Date: Thu, 30 Jun 2005 14:59:22 -0700
Reply-To: "Pardee, Roy" <pardee.r@GHC.ORG>
Sender: "SAS(r) Discussion" <SAS-L@LISTSERV.UGA.EDU>
From: "Pardee, Roy" <pardee.r@GHC.ORG>
Subject: Re: Deleting an enumerated list of records from a huge table--how
to do it efficiently?
Content-Type: text/plain; charset="us-ascii"
Nice! Thanks very much. I need to stop being such a prisoner of sql...
Thanks!
-Roy
-----Original Message-----
From: Dorfman, Paul [mailto:paul.dorfman@FCSO.COM]

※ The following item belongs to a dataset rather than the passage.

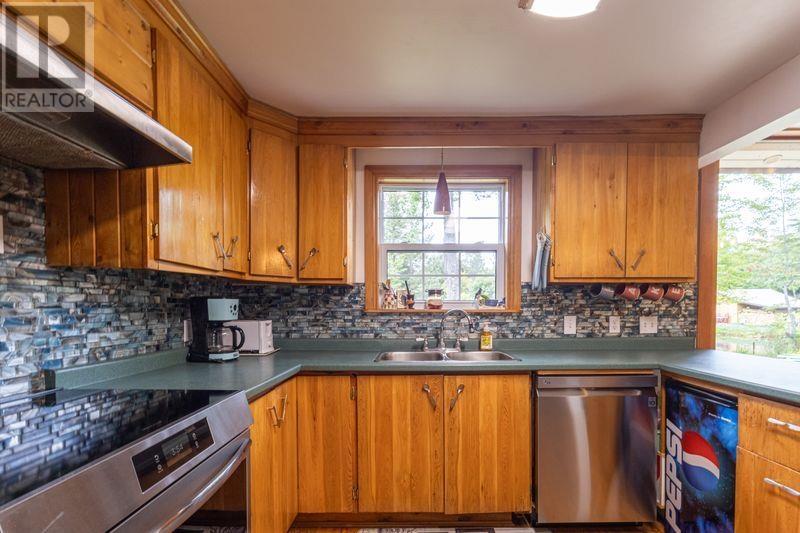 10 Watercrescent, Goulais River, Ontario P0S 1E0 - Photo 7 - SM262621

Sent: Thursday, June 30, 2005 2:44 PM
To: SAS-L@LISTSERV.UGA.EDU; Pardee, Roy
Subject: Re: Deleting an enumerated list of records from a huge
table--how to do it efficiently?
Roy,
I do not have a 3G file, but here is an experiment on a smaller scale:
62 data huge (index = (pk = (vistnum proc_code))) ;
63 do vistnum = 0 to 1e7 - 1 ;
64 proc_code = put (vistnum, z8.) ;
65 output ;
66 end ;
67 run ;
NOTE: The data set USER.HUGE has 10000000 observations and 2 variables.
INFO: Multiple concurrent threads will be used to create the index.
NOTE: Composite index pk has been defined.
NOTE: DATA statement used (Total process time):
real time 29.87 seconds
cpu time 40.79 seconds
68
69 data del ;
70 do vistnum = 0 to 1e7 - 1 by 1e3 ;
71 proc_code = put (vistnum, z8.) ;
72 output ;
73 end ;
74 run ;
NOTE: The data set USER.DEL has 10000 observations and 2 variables.
NOTE: DATA statement used (Total process time):
real time 0.02 seconds
cpu time 0.02 seconds
75
76 data huge ;
77 set del ;
78 modify huge key = pk ;
79 remove ;
80 run ;
NOTE: There were 10000 observations read from the data set USER.DEL.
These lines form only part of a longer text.